Por otro lado, la nueva arqueología, o como quiera calificarla, define los grupos humanos como sistemas culturales completos y abiertos, sujetos a los estímulos del medio ambiente. La cultura de estos grupos tiene una serie de elementos inmateriales y otros materiales; estos últimos son los que se conservan en los yacimientos. Nutriéndose de las teorías antropológicas sociales, los procesualistas dividen cada sistema cultural en subsistemas (cuyo número y concepción depende del investigador) que abarcan aspectos: económicos, tecnológicos, psicológicos, espirituales y organizativos. Todos ellos se interrelacionan con el entorno, adaptándose para asegurar la subsistencia del grupo.

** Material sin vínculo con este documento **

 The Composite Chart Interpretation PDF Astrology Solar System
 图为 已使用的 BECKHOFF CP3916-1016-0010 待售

Dado que en los yacimientos sólo conservamos restos de la cultura material, ésta debe ser estudiada como un reflejo subsidiario de todo el sistema cultural. Por tanto, el enfoque de su análisis debe ir dirigido a asignar un papel a cada resto arqueológico, para que represente cada uno de los subsistemas (traducibilidad). De este modo, sería posible reconstruir los subsistemas desaparecidos a partir de las huellas que dejan en la cultura material. Para ello, es decir, para recuperar los aspectos inmateriales, hay que emplear la inferencia antropológica. Lo malo es que este tipo de procedimiento inductivo es eficaz en tanto que los restos son más completos, están mejor contextualizados y, especialmente, si son más recientes. Cuando el contexto es relativamente completo, es factible inferir aspectos económicos, sociales, espirituales e, incluso, ideológicos...

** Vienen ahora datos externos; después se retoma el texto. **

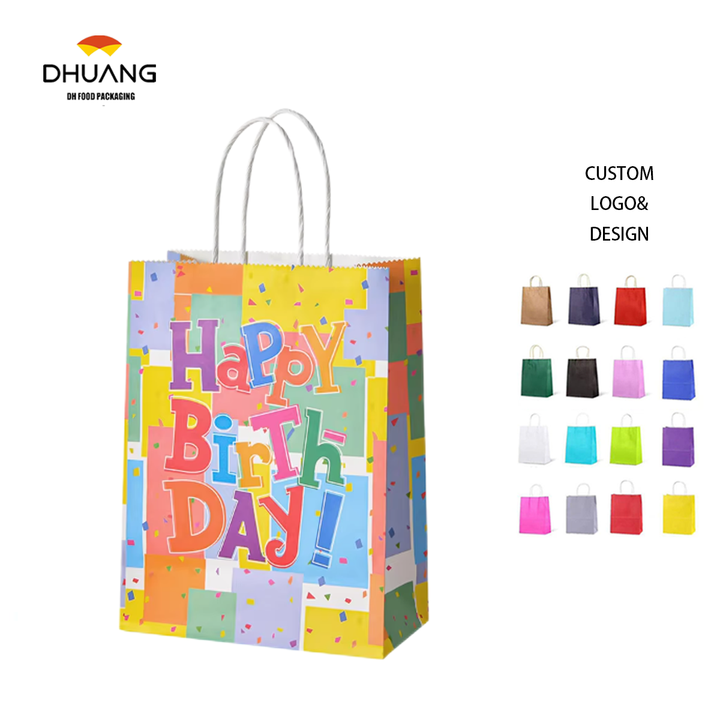 Cartoon Color Small Batch Flat Rope Kraft Paper Bag Thickened Tote for Milk Tea Take-Away Packing for Food Wholesale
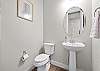 1/2 bath located on the main level in gathering area.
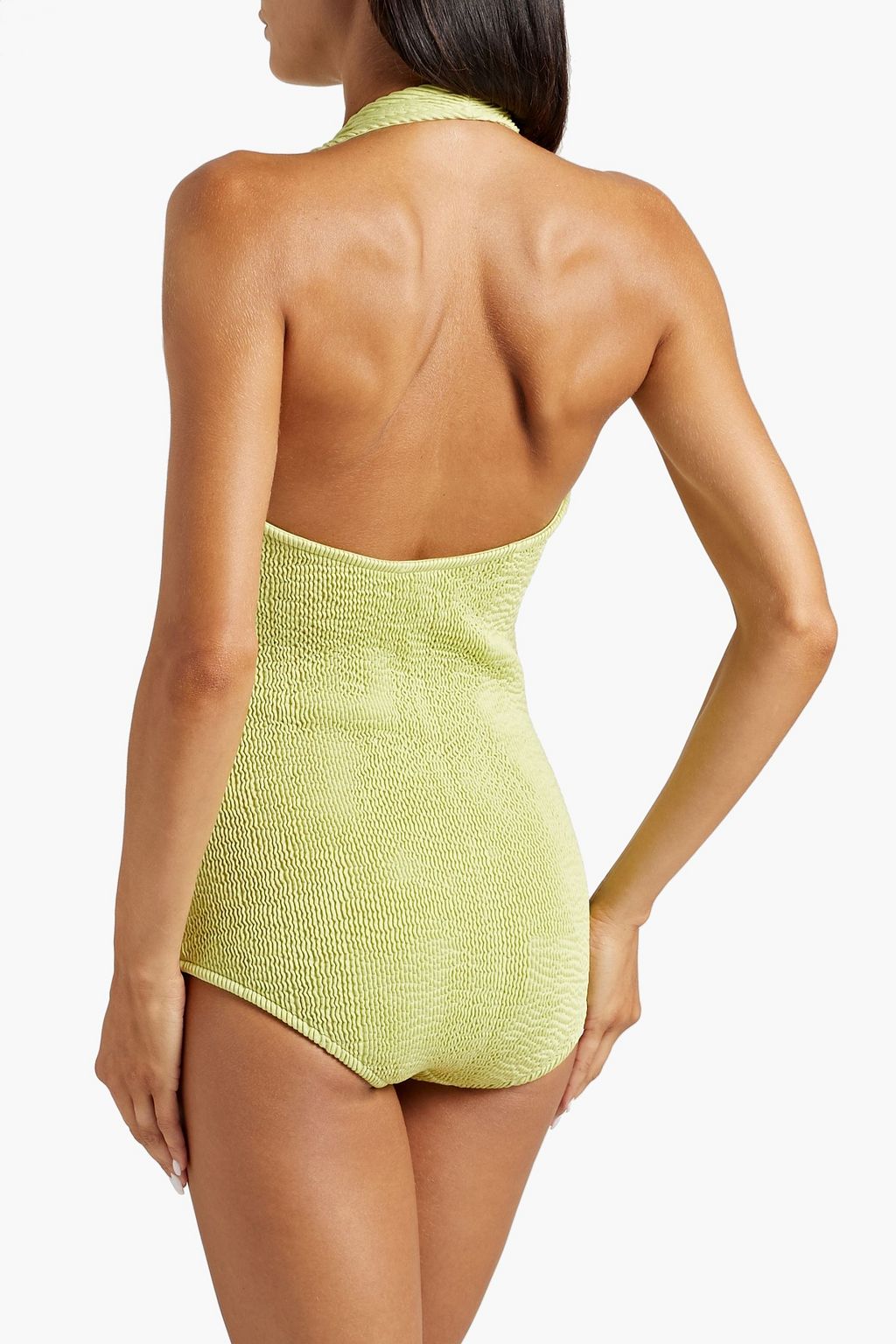 BOTTEGA VENETA Seersucker halterneck swimsuit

En América y Australia, además de muchos países del Tercer Mundo, se ha mantenido una continuidad cultural entre los primitivos actuales, o indígenas, y sus antepasados prehistóricos. Esto facilita la inferencia y la extrapolación etnológica. En cambio, en Europa hay un profundo hiato (periodo sin sedimentación), sobre todo, respecto a la Edad de Piedra. A pesar de ello la arqueología procesual ya ha calado en el Paleolítico del Viejo Mundo al tiempo que ha fracasado en su aplicación a yacimientos complejos que abarcan periodos históricos (clásicos, medievales, etc. ). Pero donde las inducciones analíticas han avanzado ostensiblemente es en la investigación de los periodos de la Prehistoria posteriores a la edad de Piedra (no es lo mismo aplicar el procedimiento a una flecha Hopi que a una hoja de laurel solutrense; pero si hablamos de la revolución Neolítica, o del fenómeno megalítico, la cosa cambia).

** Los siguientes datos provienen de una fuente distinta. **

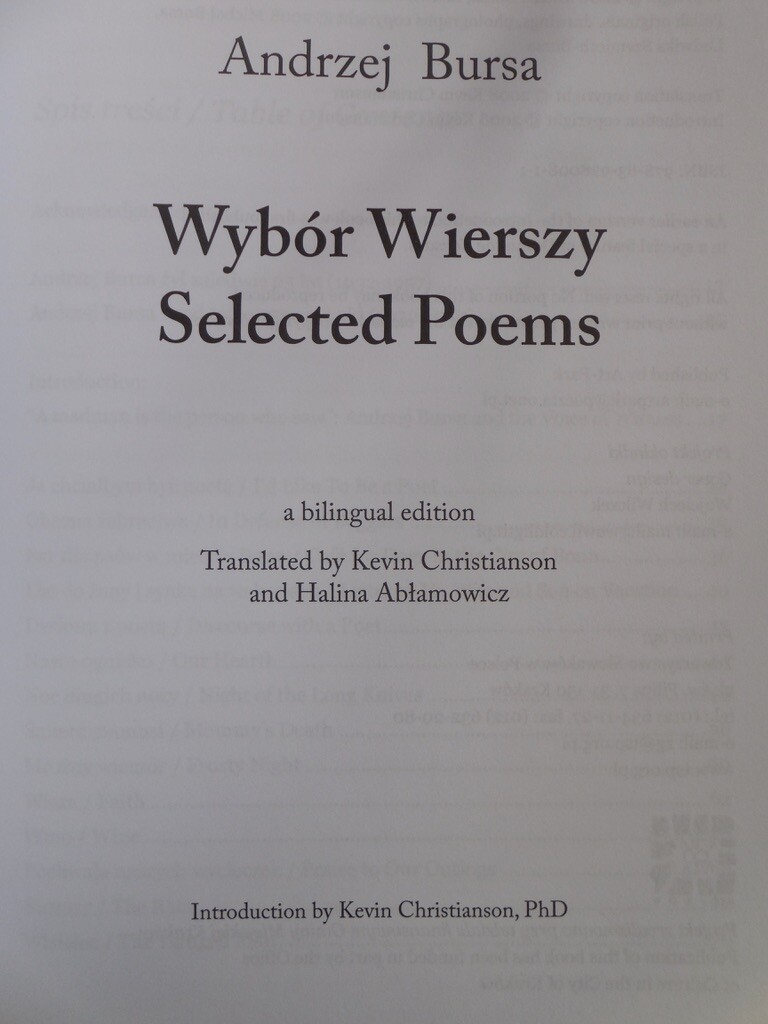 Rebel Beat poet – Andrzej Bursa: Selected Poems / Wybór wierszy – English/Polish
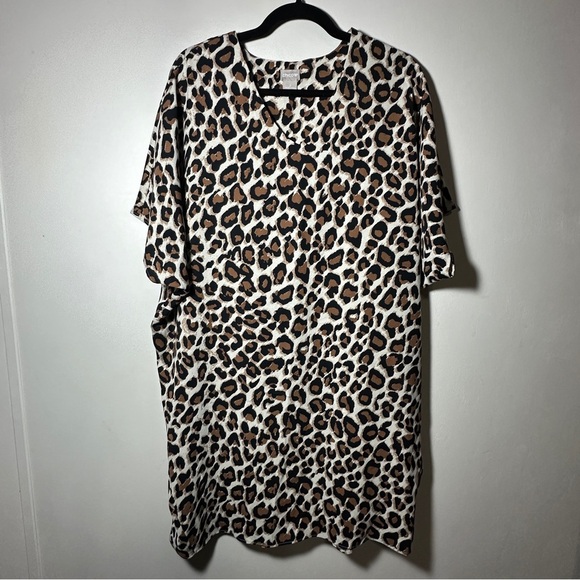 Chico’s Leopard Print Oversized Dolman Sleeve  Midi Dress Size 2 (12-14) - Picture 1 of 7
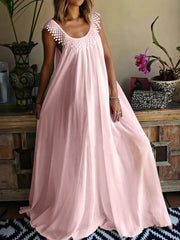 2026 Summer European & American Cross-border Simple Solid Color Elegant Maxi Dress for Amazon &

Tras la inferencia, es necesaria la verificación. Aquí es donde más críticas ha recibido la nueva arqueología; pues, aunque se postula como seguidora de las ciencias duras, sus procedimientos de contrastación de hipótesis son bastante débiles. Realmente se basan en la llamada «Teoría de Nivel Medio» desarrollada por Binford y que, simplificando mucho, se puede explicar como una extrapolación de los datos etnográficos a los arqueológicos. Después de décadas de ensayos, la realidad ha proporcionado algunos aciertos, pero se ha demostrado que el procedimiento de Binford llega a ser demasiado reduccionista en la mayoría de los casos.